From Library Journal

This highly erotic, seemingly autobiographical novel by Cuban writer Valdes describes narrator Yocandra's series of relationships with allegorical characters?fraudulent writer Traitor, filmmaker Nihilist, aesthete Lynx, and the best friend Gusana ("worm"), a pejorative term for nonpatriots. As a wry, if not outright humorous, indictment of Castro's Cuba (the Nada, or "nothing," of the title), this portrayal of the bleak reality of quotidian life in his regime is offset by occasional intertextual references (Lezama Lima comes especially to mind). The fluid translation introduces English-speaking audiences to the first fruits of a highly imaginative writer.?Lawrence Olszewski, OCLC Lib., Dublin, Ohio
Copyright 1997 Reed Business Information, Inc. --This text refers to an out of print or unavailable edition of this title.

From Booklist

After being cast out of purgatory onto a mystical island (aka Cuba) "that in waiting to build a paradise has created a hell," a woman asks, "Why swim? Why drown?" thus foretelling Yocandra's highly ambivalent life in this interesting first novel by Cuban Valdes.
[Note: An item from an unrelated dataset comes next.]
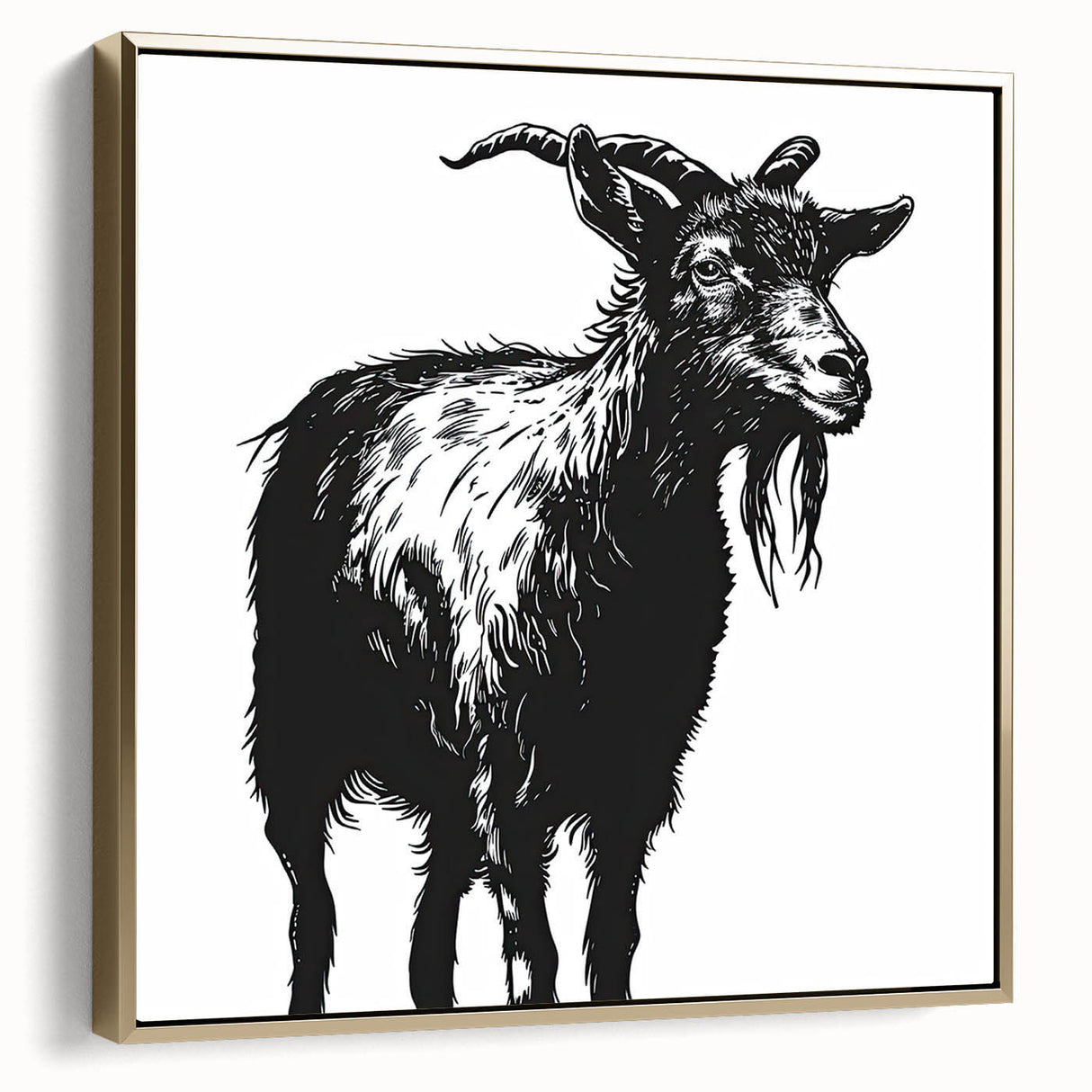 Framed wall art featuring a gold-accented goat design, ideal for animal lovers, showcasing intricate details and vibrant colors, perfect for home decor.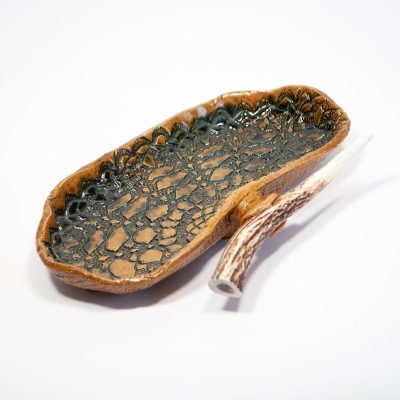 Keramikas paplāte ar raga rokturi, brūna, 26x12 cm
From Yocandra's symbolic revolutionary origins to her life as the starving, abused wife of a diplomat turned psychotic (the "Traitor"), and finally to her life as a literary editor, we witness the demoralizing effects of a corrupt, repressive political regime on Yocandra, her parents, and her two closest friends, now in exile. But for Yocandra, ambivalence about Cuba prevails, most notably in her allegorically double sex life: she alternates nights with the "Nihilist" (whom she really loves and with whom she experiences prolonged, carefully described sexual ecstasies) and the "Traitor" (her ex-husband, whom she wishes to humiliate). Amidst such stark designations, Yocandra's satirical side also emerges, as does her struggle (as the novel closes with its opening line, and she wonders if she writes the words or vice versa) to emerge as a writer. Jim O'Laughlin --This text refers to an out of print or unavailable edition of this title.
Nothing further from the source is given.